=== WORK INSTRUCTION ===
Could you please retype all of the records exactly, skipping any pictures?
------
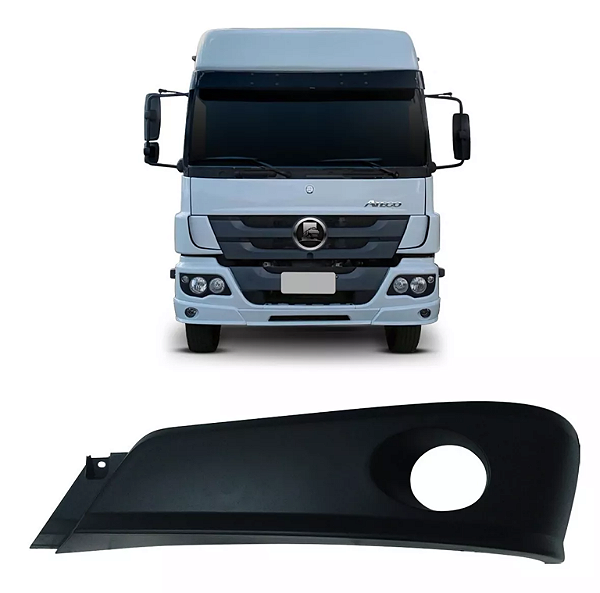 Spoiler Lado Esquerdo - MB Atego 12/... - BL Fibras M30069.2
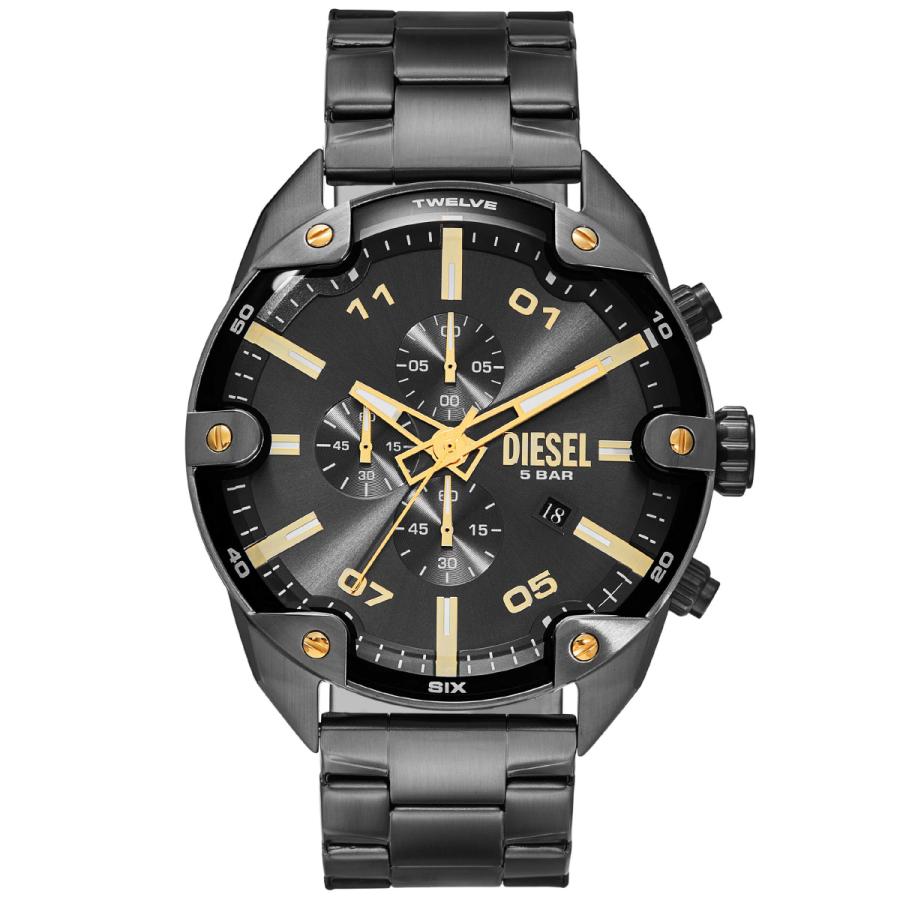 DIESEL（ディーゼル） 腕時計 メンズ SPIKED クロノグラフ ツートーン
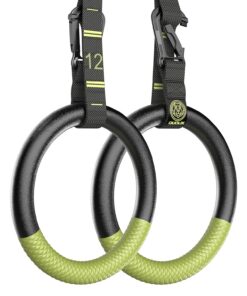 QUOLIX Olympische Turnringe aus ABS – Wetterfeste Sportringe für Calisthenics & Krafttraining - Top Funktionen fürrippli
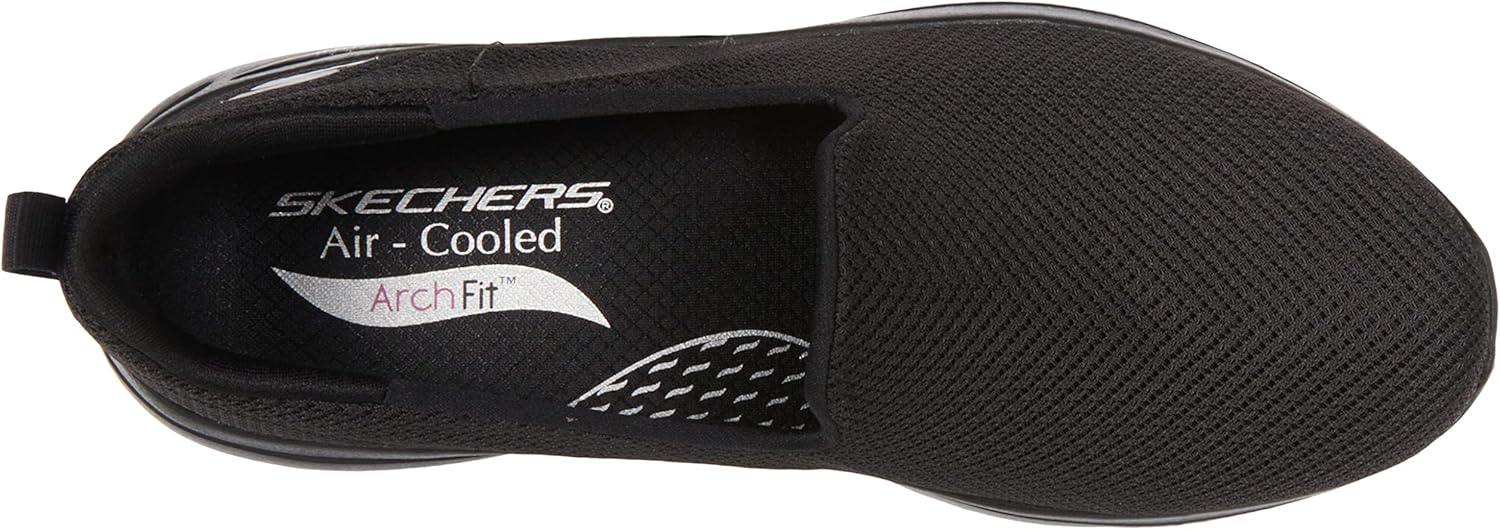 Skechers Women's Go Walk Arch Fit-Grateful Sneakers 7.5 Black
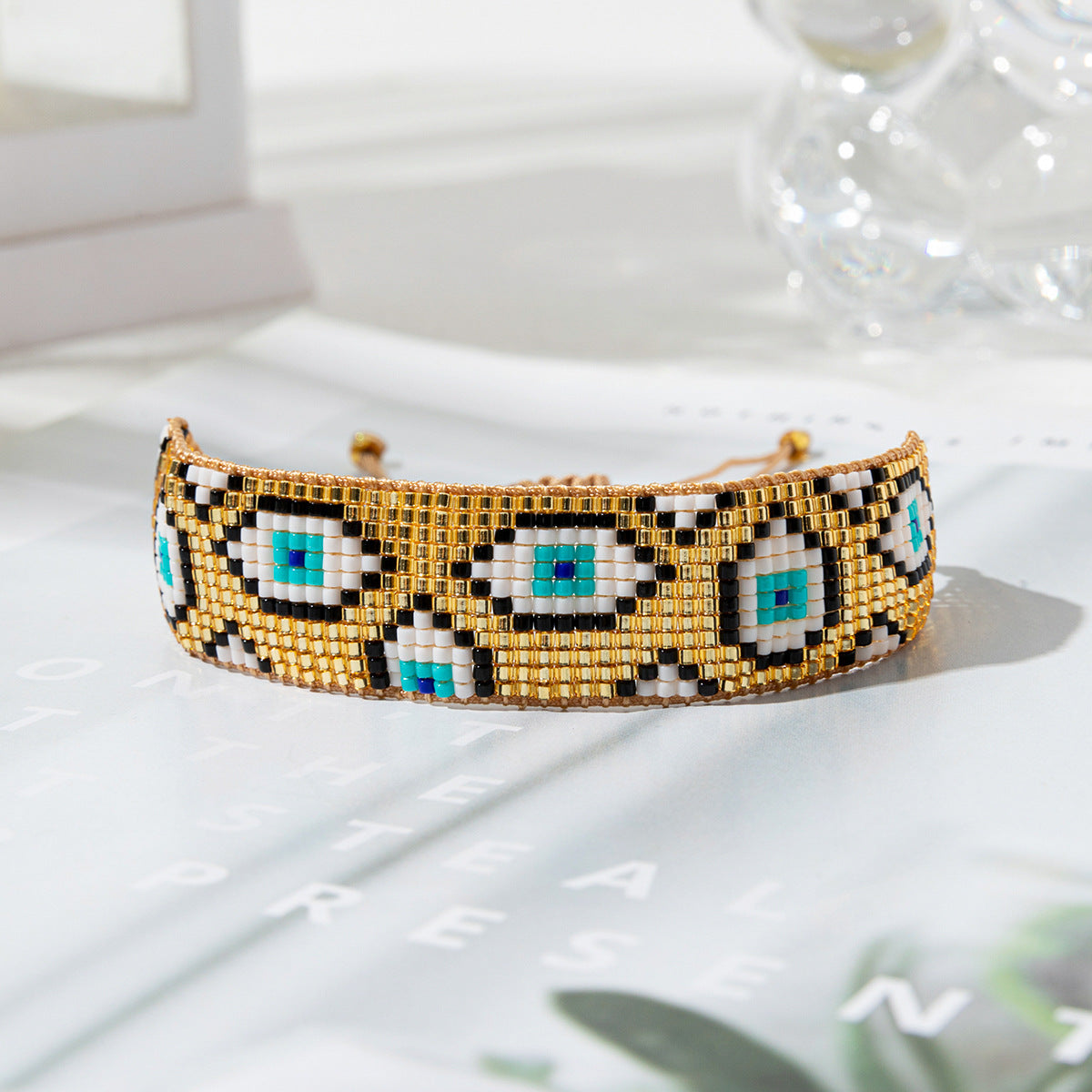 Vintage Style Devil's Eye Palm Glass Handmade Women's Bracelets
------
=== ANSWER TO THIS TASK ===
 Spoiler Lado Esquerdo - MB Atego 12/... - BL Fibras M30069.2
 DIESEL（ディーゼル） 腕時計 メンズ SPIKED クロノグラフ ツートーン
 QUOLIX Olympische Turnringe aus ABS – Wetterfeste Sportringe für Calisthenics & Krafttraining - Top Funktionen fürrippli
 Skechers Women's Go Walk Arch Fit-Grateful Sneakers 7.5 Black
 Vintage Style Devil's Eye Palm Glass Handmade Women's Bracelets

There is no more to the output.